Hamilton County Coalition hopes to reach Chattanooga kids at early age

photo Sheryl Randolph, Hamilton County School's director of student services.

TO GET INVOLVEDContact Hugh Reece at the Hamilton County Coalition at hreece@comcast.net, or Valerie Radu of Grove Street Settlement House at valerie.radu@gmail.com.

Read moreInside the report that examines what's happening on Chattanooga streets and in our schools

The problems are many, but a small group of advocates hopes to help children on the verge of falling through the cracks as gang membership continues to rise in Chattanooga.

The group includes about a dozen people from various fields, including a nurse from the Scholze Center for Adolescent Treatment, a city councilwoman, a couple of staff members from the social work program at the University of Tennessee at Chattanooga, a Hamilton County Jail employee and caseworker at Child Protective Services. They met Wednesday at Carver Recreation Center on North Orchard Knob Avenue to discuss their plans.

They hope to start with a small group of students at an East Chattanooga middle or elementary school to reach some who have missed 20 to 25 days of school. At 30 absences, Hamilton County Schools must notify the state Department of Children and Family Services.

The members hope to reach younger children, and work not only children but their entire family by removing barriers to attending school. They will use a program that group member Valerie Radu developed as an assistant professor at UTC to target nontraditional college students.

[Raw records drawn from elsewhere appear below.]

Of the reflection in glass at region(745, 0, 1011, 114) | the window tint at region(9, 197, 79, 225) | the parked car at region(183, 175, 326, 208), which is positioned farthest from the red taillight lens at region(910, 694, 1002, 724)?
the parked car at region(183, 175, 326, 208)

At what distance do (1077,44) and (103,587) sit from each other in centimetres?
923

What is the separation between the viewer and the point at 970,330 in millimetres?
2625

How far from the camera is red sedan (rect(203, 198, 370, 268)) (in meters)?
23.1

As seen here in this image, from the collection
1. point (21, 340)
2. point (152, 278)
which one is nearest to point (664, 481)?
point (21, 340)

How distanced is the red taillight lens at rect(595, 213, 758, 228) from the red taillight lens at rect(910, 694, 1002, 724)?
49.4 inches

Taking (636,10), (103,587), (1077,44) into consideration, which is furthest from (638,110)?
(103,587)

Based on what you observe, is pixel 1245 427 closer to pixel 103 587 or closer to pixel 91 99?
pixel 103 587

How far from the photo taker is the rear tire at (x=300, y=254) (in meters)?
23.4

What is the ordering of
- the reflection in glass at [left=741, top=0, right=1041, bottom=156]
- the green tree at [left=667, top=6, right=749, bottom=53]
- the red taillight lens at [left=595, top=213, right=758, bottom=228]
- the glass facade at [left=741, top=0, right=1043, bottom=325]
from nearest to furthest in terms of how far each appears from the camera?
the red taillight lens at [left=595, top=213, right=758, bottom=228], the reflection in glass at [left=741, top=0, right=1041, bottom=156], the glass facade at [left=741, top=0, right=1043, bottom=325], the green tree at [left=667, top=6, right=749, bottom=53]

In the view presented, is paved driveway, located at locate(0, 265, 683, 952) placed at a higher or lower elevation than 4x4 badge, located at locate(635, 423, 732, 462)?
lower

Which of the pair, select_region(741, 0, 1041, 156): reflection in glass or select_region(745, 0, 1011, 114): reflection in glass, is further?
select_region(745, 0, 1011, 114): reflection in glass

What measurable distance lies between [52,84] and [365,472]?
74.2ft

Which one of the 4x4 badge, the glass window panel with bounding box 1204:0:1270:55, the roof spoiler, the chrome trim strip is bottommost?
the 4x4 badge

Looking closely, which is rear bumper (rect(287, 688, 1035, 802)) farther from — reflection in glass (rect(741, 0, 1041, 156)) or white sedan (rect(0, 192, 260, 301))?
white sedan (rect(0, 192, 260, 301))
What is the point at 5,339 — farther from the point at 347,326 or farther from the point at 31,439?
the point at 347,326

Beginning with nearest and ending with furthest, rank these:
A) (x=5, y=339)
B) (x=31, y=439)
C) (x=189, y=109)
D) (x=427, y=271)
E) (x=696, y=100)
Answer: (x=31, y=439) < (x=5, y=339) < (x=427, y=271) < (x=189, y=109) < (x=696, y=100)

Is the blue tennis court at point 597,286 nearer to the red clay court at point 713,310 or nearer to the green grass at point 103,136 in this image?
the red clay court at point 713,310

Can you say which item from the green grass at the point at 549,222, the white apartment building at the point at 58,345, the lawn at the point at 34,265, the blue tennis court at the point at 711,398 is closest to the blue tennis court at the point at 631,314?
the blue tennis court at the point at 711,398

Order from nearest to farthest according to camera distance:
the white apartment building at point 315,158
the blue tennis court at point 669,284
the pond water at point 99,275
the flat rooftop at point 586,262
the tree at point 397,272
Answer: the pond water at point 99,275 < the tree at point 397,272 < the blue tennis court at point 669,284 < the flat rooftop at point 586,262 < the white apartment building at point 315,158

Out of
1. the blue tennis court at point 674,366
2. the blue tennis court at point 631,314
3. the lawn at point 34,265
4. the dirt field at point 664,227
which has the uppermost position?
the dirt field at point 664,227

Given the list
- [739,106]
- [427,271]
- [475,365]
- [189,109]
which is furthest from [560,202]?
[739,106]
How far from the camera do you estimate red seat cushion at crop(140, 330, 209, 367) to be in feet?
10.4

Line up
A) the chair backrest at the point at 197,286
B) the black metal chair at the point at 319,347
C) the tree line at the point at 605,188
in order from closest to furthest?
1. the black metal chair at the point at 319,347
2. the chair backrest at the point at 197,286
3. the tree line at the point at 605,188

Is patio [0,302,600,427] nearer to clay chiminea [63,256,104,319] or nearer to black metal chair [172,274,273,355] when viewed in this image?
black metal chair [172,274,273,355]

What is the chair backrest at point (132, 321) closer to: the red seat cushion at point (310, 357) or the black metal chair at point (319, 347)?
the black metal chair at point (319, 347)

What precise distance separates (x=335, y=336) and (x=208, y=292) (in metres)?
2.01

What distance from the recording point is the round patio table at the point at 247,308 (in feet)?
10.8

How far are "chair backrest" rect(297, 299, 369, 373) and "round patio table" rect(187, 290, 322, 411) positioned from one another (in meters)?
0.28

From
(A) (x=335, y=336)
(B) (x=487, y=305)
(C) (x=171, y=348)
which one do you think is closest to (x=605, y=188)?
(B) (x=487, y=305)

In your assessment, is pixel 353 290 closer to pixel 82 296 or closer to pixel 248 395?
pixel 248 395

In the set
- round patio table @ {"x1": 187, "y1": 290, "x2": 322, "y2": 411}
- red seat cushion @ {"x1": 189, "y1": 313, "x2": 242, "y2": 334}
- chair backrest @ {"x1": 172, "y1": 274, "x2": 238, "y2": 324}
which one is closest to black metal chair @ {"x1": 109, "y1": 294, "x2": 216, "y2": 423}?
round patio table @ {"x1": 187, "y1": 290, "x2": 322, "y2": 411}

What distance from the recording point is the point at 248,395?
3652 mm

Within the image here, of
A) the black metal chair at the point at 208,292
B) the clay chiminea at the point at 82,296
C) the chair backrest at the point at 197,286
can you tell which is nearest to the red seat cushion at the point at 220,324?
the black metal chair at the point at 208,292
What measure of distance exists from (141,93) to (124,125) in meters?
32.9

The program will be run through Grove Street Settlement House, which is independent of the university and was co-founded by Radu.

Many families need access to basic services, said Ricardo Jones, director of the Carver Recreation Center.

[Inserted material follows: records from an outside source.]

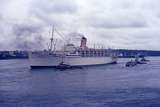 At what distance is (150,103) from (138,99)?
2.12m

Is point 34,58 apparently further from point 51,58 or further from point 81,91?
point 81,91

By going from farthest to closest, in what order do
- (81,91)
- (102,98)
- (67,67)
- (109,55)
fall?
(109,55), (67,67), (81,91), (102,98)

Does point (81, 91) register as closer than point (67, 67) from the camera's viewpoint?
Yes

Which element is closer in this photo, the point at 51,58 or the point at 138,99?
the point at 138,99

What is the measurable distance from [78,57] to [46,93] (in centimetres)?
5461

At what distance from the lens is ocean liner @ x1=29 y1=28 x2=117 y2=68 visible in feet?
278

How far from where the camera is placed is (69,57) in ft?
292

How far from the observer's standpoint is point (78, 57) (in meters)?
93.0

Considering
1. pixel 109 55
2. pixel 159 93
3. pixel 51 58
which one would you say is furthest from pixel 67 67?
pixel 159 93

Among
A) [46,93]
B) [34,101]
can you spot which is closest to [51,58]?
[46,93]

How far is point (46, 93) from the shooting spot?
38.6 m

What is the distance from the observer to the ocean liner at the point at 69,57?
278ft

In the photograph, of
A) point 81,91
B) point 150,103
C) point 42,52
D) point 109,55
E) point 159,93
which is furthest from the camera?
point 109,55

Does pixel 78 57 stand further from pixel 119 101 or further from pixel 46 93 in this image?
pixel 119 101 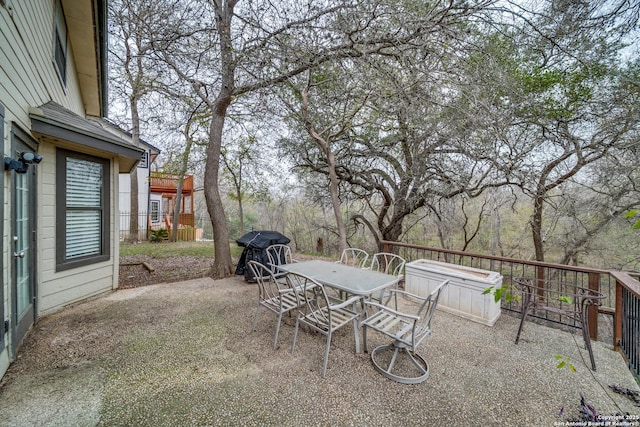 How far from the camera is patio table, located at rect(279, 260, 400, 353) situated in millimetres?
2624

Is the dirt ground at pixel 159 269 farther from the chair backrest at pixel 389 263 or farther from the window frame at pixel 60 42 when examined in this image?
the chair backrest at pixel 389 263

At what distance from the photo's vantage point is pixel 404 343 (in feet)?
7.51

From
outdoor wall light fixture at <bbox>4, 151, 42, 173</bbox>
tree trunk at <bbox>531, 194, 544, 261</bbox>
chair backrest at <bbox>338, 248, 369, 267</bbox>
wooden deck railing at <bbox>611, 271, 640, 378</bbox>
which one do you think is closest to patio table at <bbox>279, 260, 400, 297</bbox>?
chair backrest at <bbox>338, 248, 369, 267</bbox>

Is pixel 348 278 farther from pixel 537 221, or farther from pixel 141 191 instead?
pixel 141 191

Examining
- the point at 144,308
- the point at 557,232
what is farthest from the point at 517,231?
the point at 144,308

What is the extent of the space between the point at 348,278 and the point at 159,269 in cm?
532

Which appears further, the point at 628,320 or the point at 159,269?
the point at 159,269

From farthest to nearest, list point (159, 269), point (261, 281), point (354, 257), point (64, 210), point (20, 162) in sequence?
point (159, 269) < point (354, 257) < point (64, 210) < point (261, 281) < point (20, 162)

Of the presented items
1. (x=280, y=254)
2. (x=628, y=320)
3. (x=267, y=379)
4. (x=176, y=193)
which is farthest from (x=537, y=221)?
(x=176, y=193)

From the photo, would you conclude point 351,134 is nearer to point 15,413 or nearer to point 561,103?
point 561,103

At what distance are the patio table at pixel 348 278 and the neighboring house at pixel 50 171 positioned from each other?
8.36ft

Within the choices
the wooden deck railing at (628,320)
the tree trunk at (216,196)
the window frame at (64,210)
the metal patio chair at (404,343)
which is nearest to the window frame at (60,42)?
the window frame at (64,210)

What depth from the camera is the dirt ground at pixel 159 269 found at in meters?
5.23

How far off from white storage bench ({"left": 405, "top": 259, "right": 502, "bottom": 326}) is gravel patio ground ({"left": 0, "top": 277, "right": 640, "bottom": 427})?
0.28 meters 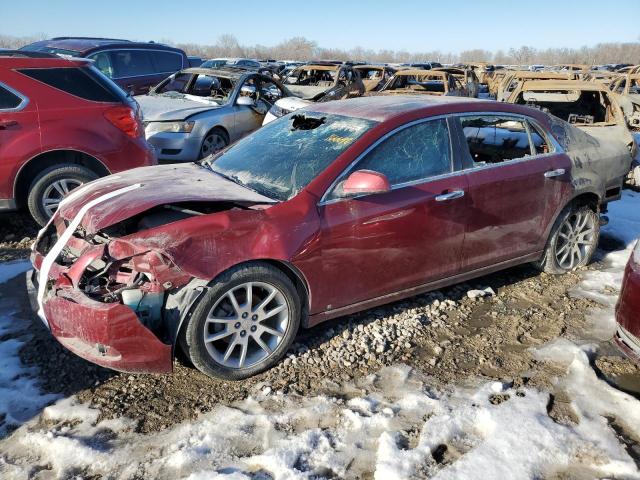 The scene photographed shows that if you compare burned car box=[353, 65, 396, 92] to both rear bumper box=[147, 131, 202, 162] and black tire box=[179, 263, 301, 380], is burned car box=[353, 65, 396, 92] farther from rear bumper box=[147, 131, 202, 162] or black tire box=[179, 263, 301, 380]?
black tire box=[179, 263, 301, 380]

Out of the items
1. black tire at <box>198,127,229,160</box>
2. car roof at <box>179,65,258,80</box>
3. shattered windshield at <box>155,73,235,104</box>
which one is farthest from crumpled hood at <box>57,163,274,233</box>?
car roof at <box>179,65,258,80</box>

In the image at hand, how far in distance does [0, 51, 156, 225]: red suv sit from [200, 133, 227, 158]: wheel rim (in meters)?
2.91

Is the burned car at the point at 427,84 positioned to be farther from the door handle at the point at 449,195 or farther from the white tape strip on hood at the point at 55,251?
the white tape strip on hood at the point at 55,251

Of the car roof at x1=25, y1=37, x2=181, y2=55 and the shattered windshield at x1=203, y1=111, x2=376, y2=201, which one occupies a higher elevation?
the car roof at x1=25, y1=37, x2=181, y2=55

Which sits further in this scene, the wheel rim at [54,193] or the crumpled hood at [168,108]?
the crumpled hood at [168,108]

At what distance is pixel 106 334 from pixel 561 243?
3968mm

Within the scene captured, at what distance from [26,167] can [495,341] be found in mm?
4692

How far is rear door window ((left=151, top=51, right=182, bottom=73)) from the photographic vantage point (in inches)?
499

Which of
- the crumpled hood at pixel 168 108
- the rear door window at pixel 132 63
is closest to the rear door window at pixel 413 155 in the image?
the crumpled hood at pixel 168 108

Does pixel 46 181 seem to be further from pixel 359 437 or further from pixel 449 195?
pixel 359 437

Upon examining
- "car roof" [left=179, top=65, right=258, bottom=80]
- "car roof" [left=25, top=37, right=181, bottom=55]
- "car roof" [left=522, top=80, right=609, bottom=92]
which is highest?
"car roof" [left=25, top=37, right=181, bottom=55]

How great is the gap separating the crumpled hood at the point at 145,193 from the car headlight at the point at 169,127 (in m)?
4.70

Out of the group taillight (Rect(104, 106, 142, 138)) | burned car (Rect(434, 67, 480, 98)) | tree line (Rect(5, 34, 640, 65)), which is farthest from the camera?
tree line (Rect(5, 34, 640, 65))

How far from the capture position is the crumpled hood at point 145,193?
3.33m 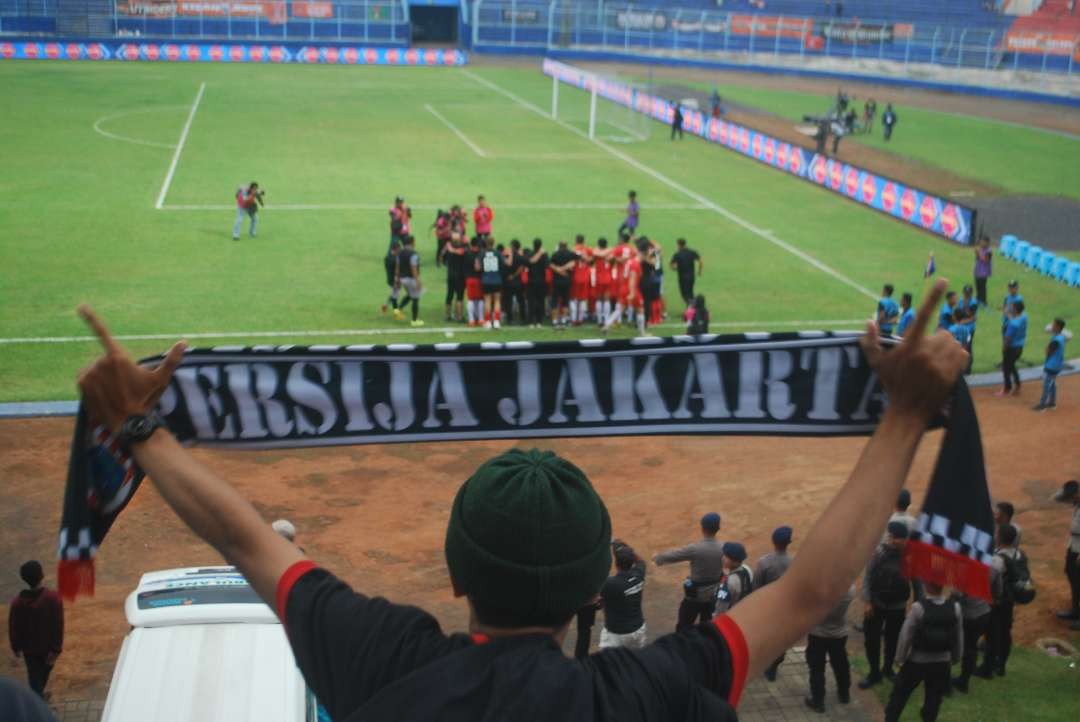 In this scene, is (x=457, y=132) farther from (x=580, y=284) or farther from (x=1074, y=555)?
(x=1074, y=555)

"I'll help in anyway you want me to," he told the small group on Wednesday.

The group is separate from the city's gang task force, which is implementing a gang assessment commissioned earlier this year.

"We are trying to put something together using services that are already in place," said Hugh Reece. He is community outreach coordinator for the Hamilton County Coalition, which works to reduce drug abuse, underage drinking and violence.

The program being put together by the group won't cost extra, he said.

The group hopes to work with teachers in the trenches to find the students who are on the verge of making poor choices, including dropping out of school or joining gangs.

"These are the ones you can capture," said Sheryl Randolph, director of student services for Hamilton County Board of Education.

An average of more than 10,000 students are truant every year, records show, and studies show truancy can lead to gang membership.

The school district struggles to get truant students to school, Randolph said. There was a short-lived program that paid taxi fare for students, but it proved to be too expensive and a potential liability for the district.

Randolph said she has spoken countless times with parents of truant students, asking them to make sure their children show up at school. Sometimes the parents respond with, "'You want them up? You come get them up. We don't have an alarm clock,'" she said. "We're out buying alarm clocks."

To get students to school, the district hands out public bus passes and offers day care at selected schools for students with children.

"This is not something we can do independently without getting everyone on board," said Chattanooga City Councilwoman Deborah Scott, who kept the meeting moving and set goals for the group.

By the next meeting, group members said, they want parents of students from the eastern side of the city to attend and also to begin talks with school principals about a pilot program.